TASK TO CARRY OUT ->
Each line from the one containing "Showboat Motel Restaurant & Bar" to the end of the data must be copied exactly, the first and last included; no other lines and no pictures belong in the copy.

*** Opening of RECORDS FOR THIS EXERCISE ***

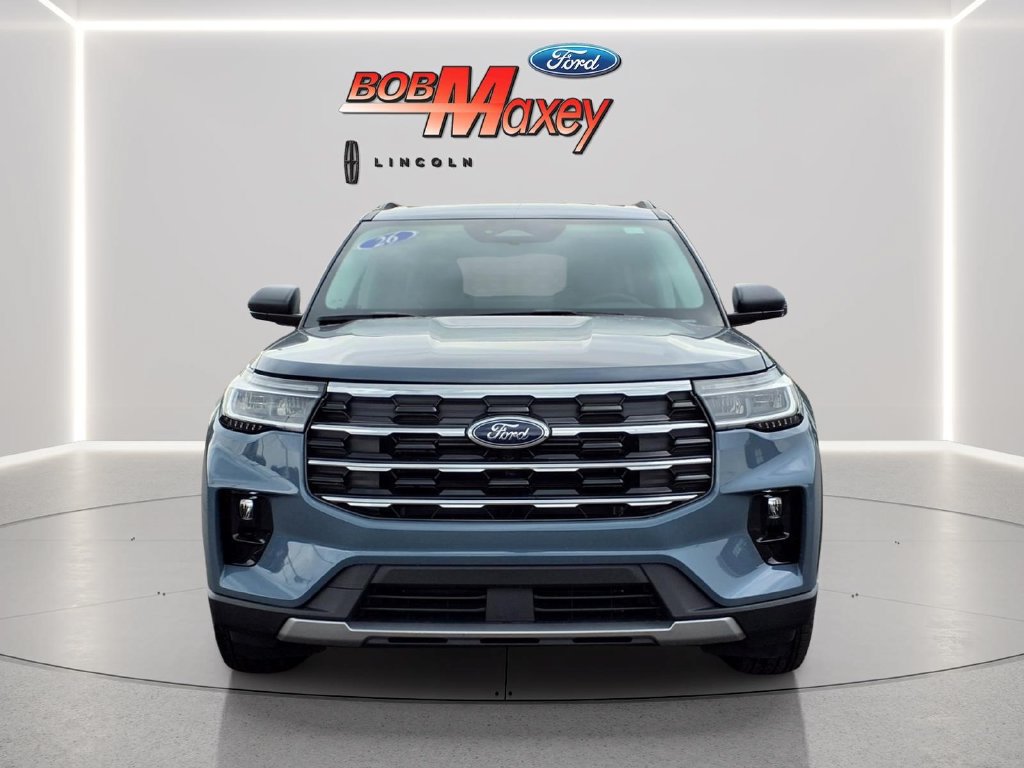Used 2026 Ford Explorer Active w/ Active Comfort Package AWD/4WD image 2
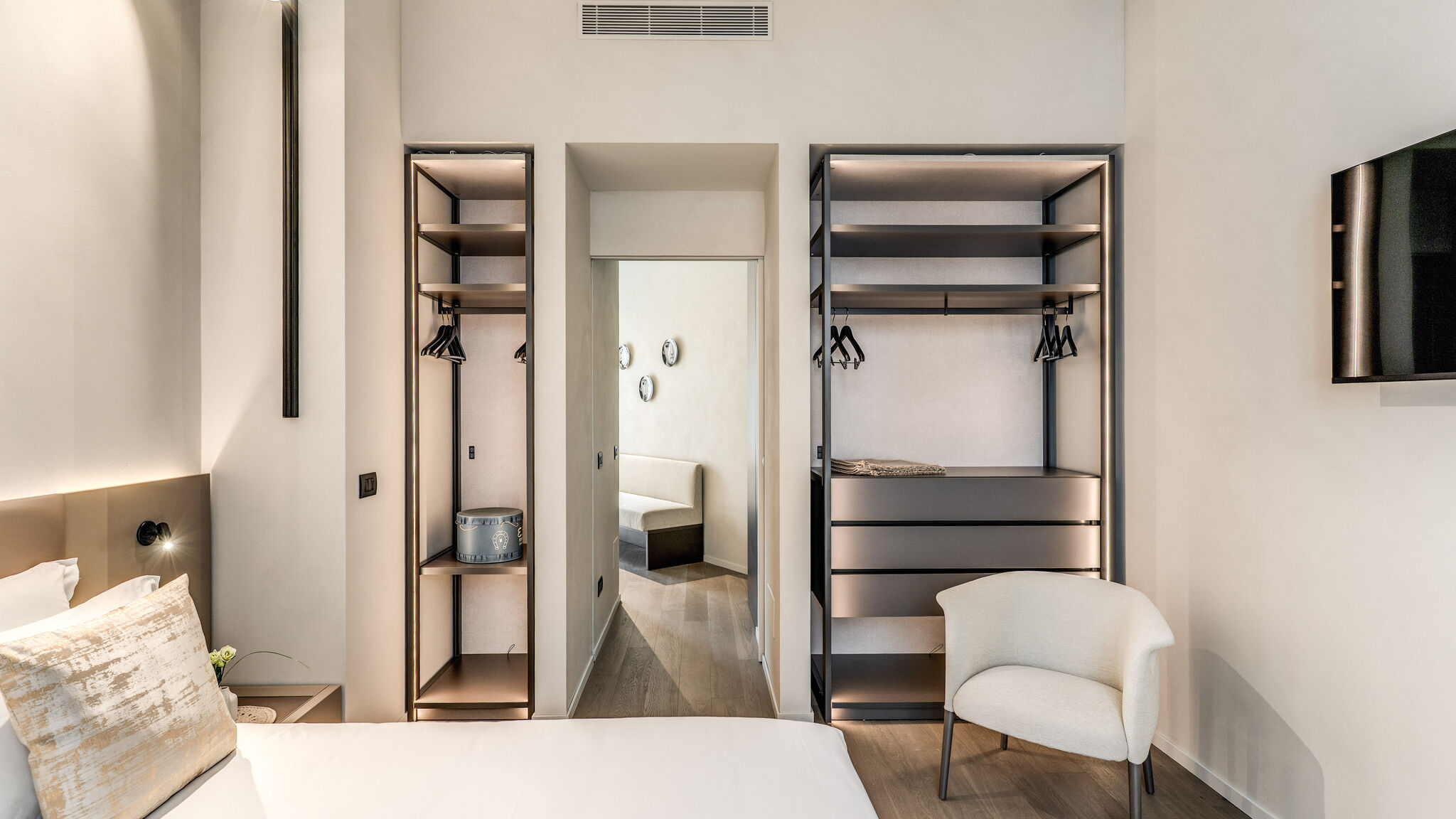 Italianway Milano Agnesi Statue - 1.103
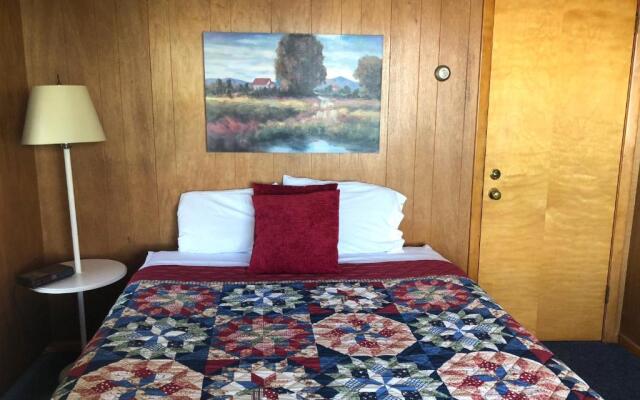 Showboat Motel Restaurant & Bar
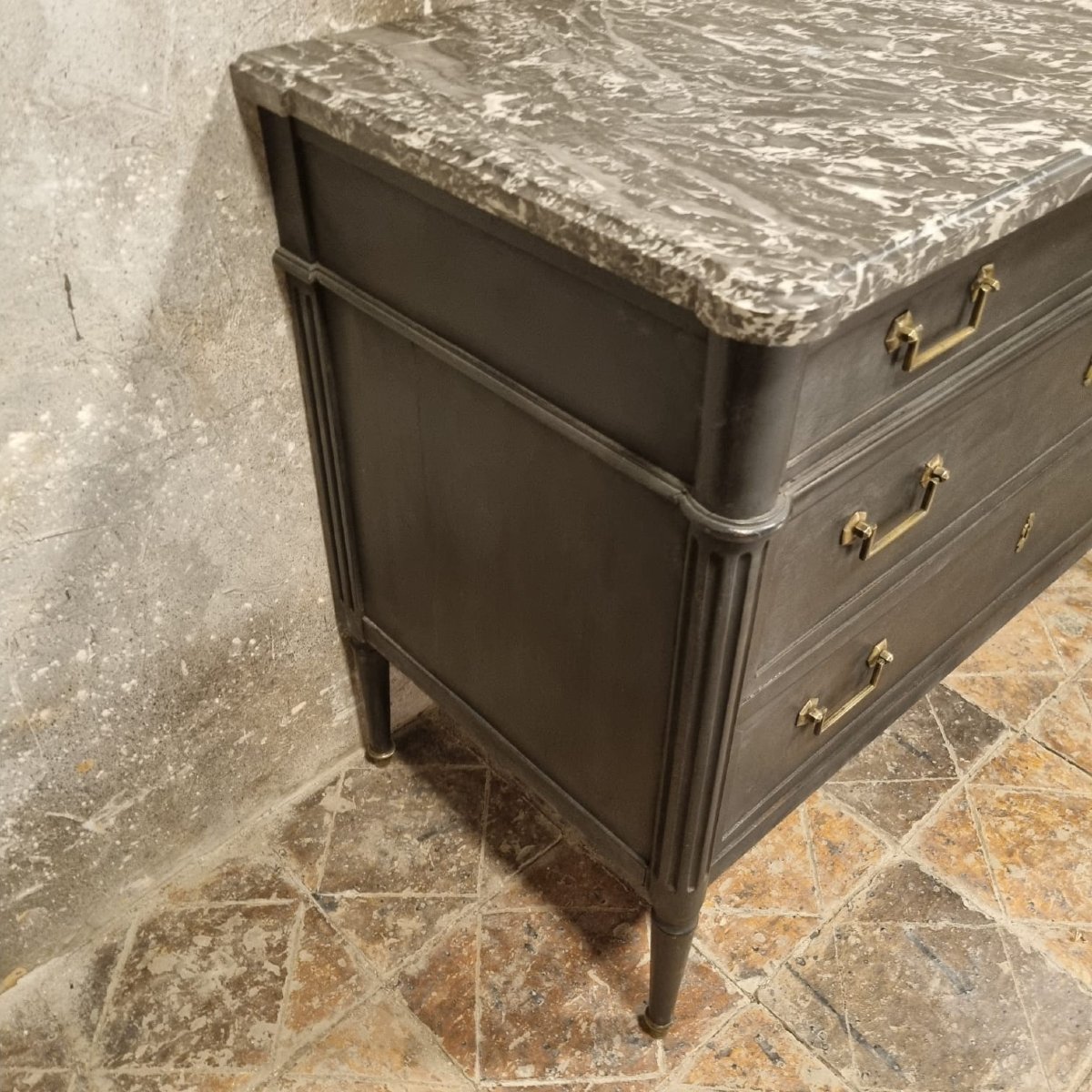 Louis XVI Style Commode-photo-4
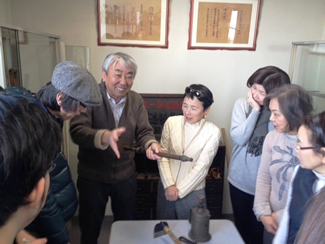 今年の“遠足”は、明治時代から園芸用具をつくり続けている、杉井先生ご用達の園芸刃物店を訪問。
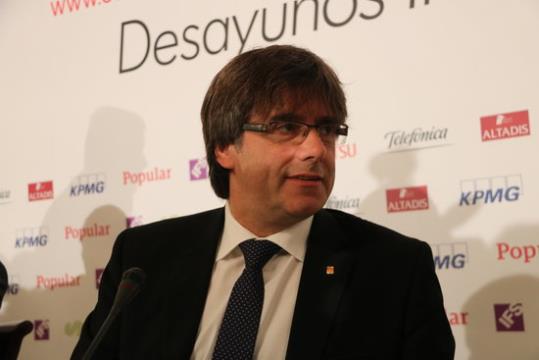 Primer pla del president de la Generalitat, Carles Puigdemont, aquest 10/10/2016 a un esmorzar informatiu a Madrid. ACN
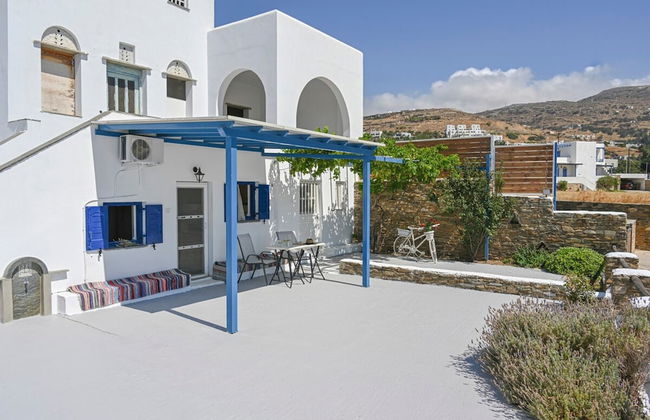 La Luna in Agia Barbara Tinos - Foto 3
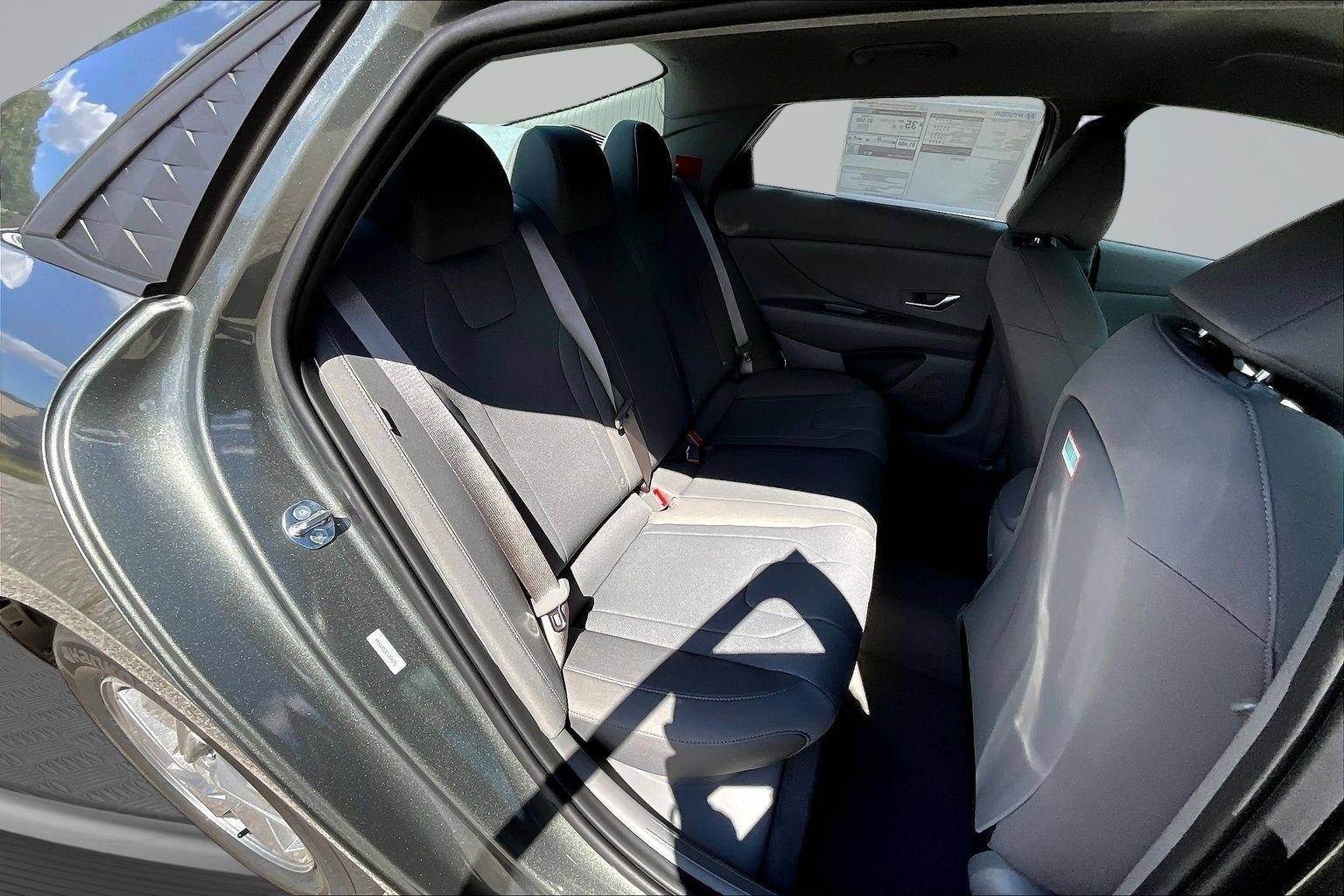 New 2026 Hyundai Elantra SE FWD image 9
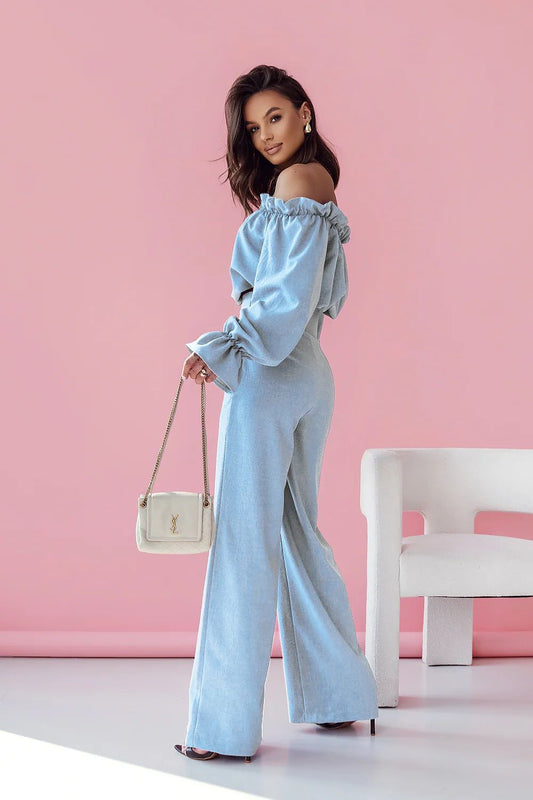 Conjunto de lino MIA de Blusa y Pantalón para mujer de LaBalancia, en color beige, con detalles elegantes y estilo cómodo.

*** Close of RECORDS FOR THIS EXERCISE ***

OUTPUT ->
 Showboat Motel Restaurant & Bar
 Louis XVI Style Commode-photo-4
 今年の“遠足”は、明治時代から園芸用具をつくり続けている、杉井先生ご用達の園芸刃物店を訪問。
 Primer pla del president de la Generalitat, Carles Puigdemont, aquest 10/10/2016 a un esmorzar informatiu a Madrid. ACN
 La Luna in Agia Barbara Tinos - Foto 3
 New 2026 Hyundai Elantra SE FWD image 9
 Conjunto de lino MIA de Blusa y Pantalón para mujer de LaBalancia, en color beige, con detalles elegantes y estilo cómodo.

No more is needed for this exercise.